The new guidelines, the first for nine years, re-state Japan's constitutional pledge never to threaten other nations.

But the changes also ease some of the restrictions on Japan's military, allowing it to collaborate with the US in areas of missile defence.

The report singles out North Korea as a particular area of regional concern, along with China's military build-up.

The guidelines were unveiled just a day after Japan extended its troop deployment in Iraq for another year.

KEY RECOMMENDATIONS
Re-states 1945 pacifist constitution
Partially lifts arms sales ban, to allow joint US missile research
Highlights N Korea and China as nations to monitor
Military spending to be cut, reducing troop levels
More emphasis on terrorist and missile threat
Signals wider role in global peacekeeping missions

The non-combat mission has caused controversy in Japan, being the nation's first mission since 1945 to a country where fighting is under way.

Pacifist nation

In its new National Defence Outline - covering a period from April 2005 to March 2009 - the cabinet was careful to stress the principle of self-defence which has governed Japan since 1945.

"Abiding by the basic principle under Japan's constitution, our country, devoting itself entirely to self-defence, will never threaten other countries or become a military power," the document said.

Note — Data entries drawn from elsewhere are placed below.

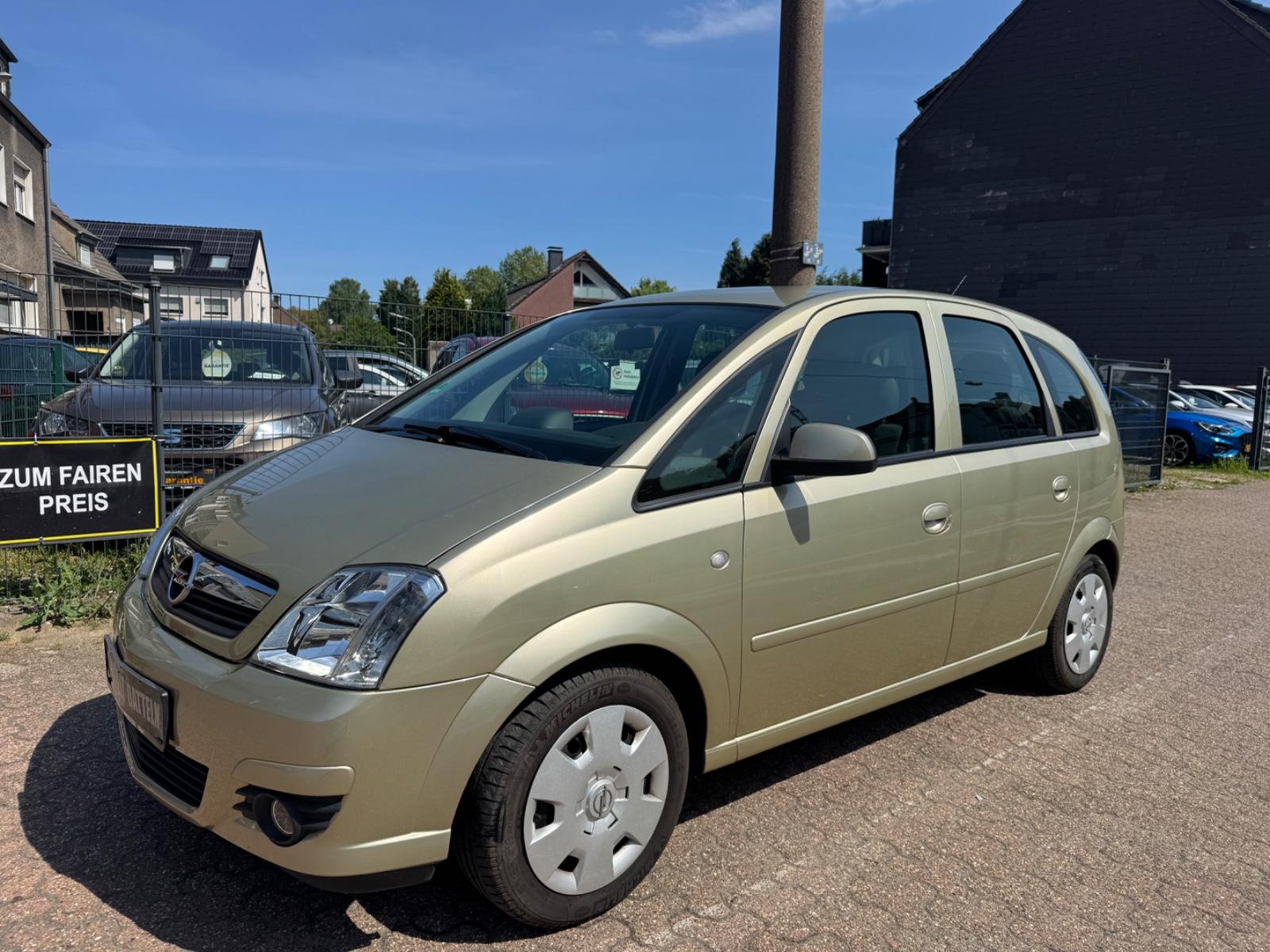 Opel Meriva CATCH ME/1HAND/30TKM/SHZ/KLIMA/ZV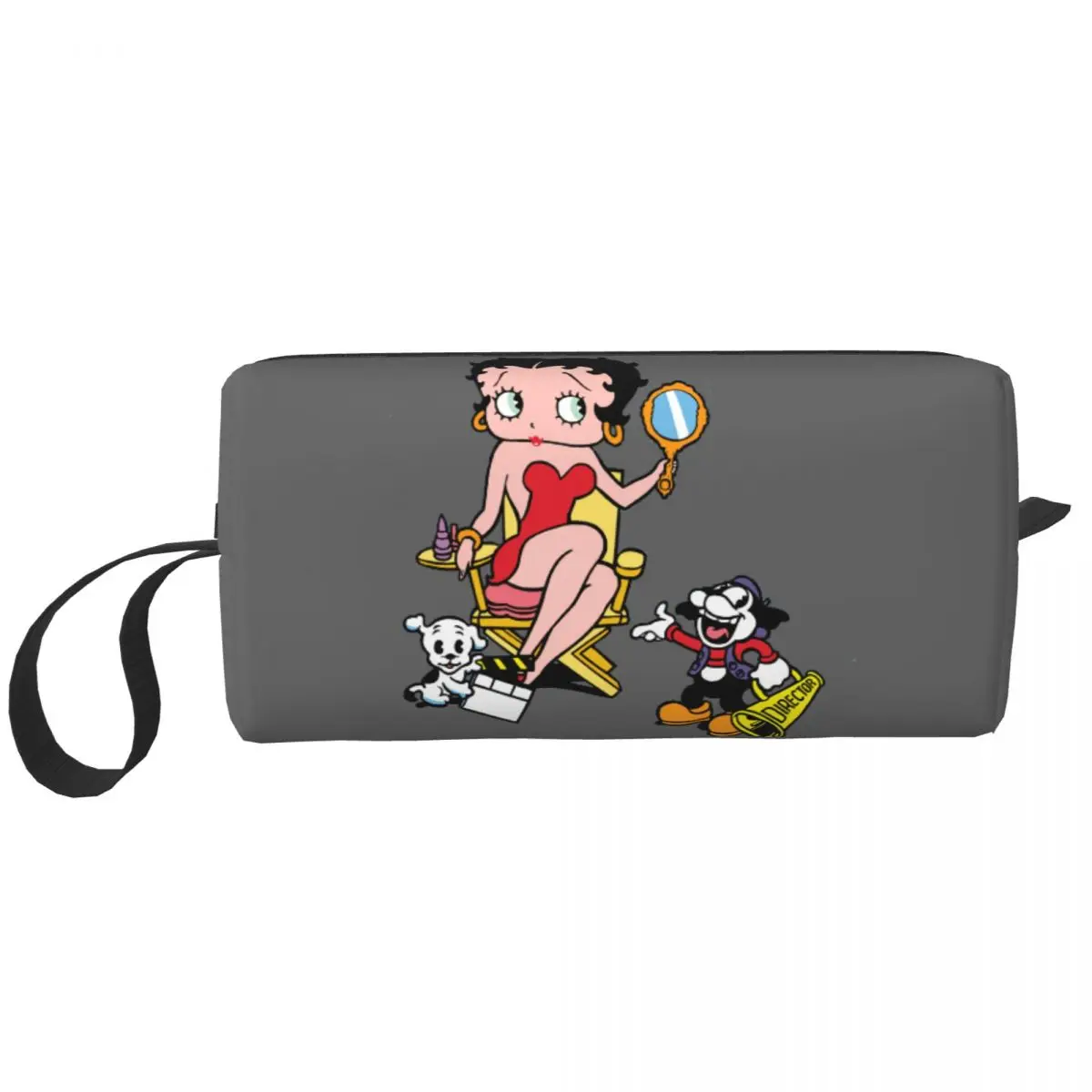 

Bettys аниме девочка Boop мультяшная косметичка для женщин косметический Органайзер для макияжа женская косметичка набор для хранения косметики семейная коробка подарок
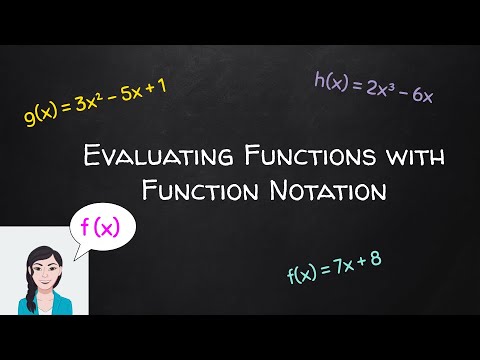 Homework 4 Function Notation And Evaluating Functions Answer Key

But the plan does allow for certain key changes, in order to reflect what Japan sees as the world's changing security situation.

A ban on arms sales will no longer apply in areas like anti-missile defence, where Japan wants to develop new systems jointly with the United States.

The new guidelines identify North Korea as an area of concern, describing the Stalinist nation's military moves as "serious, destabilizing factors for regional security".

North Korean tanks
Neighbours like North Korea are making Japan nervous
North Korea's possession of missiles which can reach Japan has persuaded many Japanese that their country should rely less on the US - and more on itself - for security, according to the BBC correspondent in Tokyo, Jonathan Head.

China's military build-up was also singled out as an area which Japan needed to monitor.

"China, which has a great impact on security in this region, is pushing ahead with enhancing its nuclear and missile capabilities... We need to continue to watch these moves in the future," the guidelines stated.

The two countries have a prickly relationship, complicated by memories of Japan's occupation of China during World War II, and more recently by rivalry over diplomatic influence and access to natural resources.

Overseas missions

Under the new guidelines, military spending is due to be cut by more than 3% over the next five years, and troop levels are set to be reduced by 5,000 to 155,000.

But Friday's announcement also signalled a move to more mobile and multi-functional military capabilities, and the need for a more proactive contribution to peacekeeping.

According to our correspondent, this suggests that in future Japanese forces will be deployed overseas more frequently.

But the new policy does not incorporate a controversial suggestion by business leaders and academics that Japan should consider acquiring a pre-emptive strike capability.

"We are not in a position to consider having the capability of attacking missile bases in an enemy country," a senior Japanese official told Reuters news agency.

None of the changes announced on Friday amount to a revolution, according to our correspondent.

But there is little doubt that they set Japan on the path to becoming a nation whose military muscle more closely reflects its economic power, he says.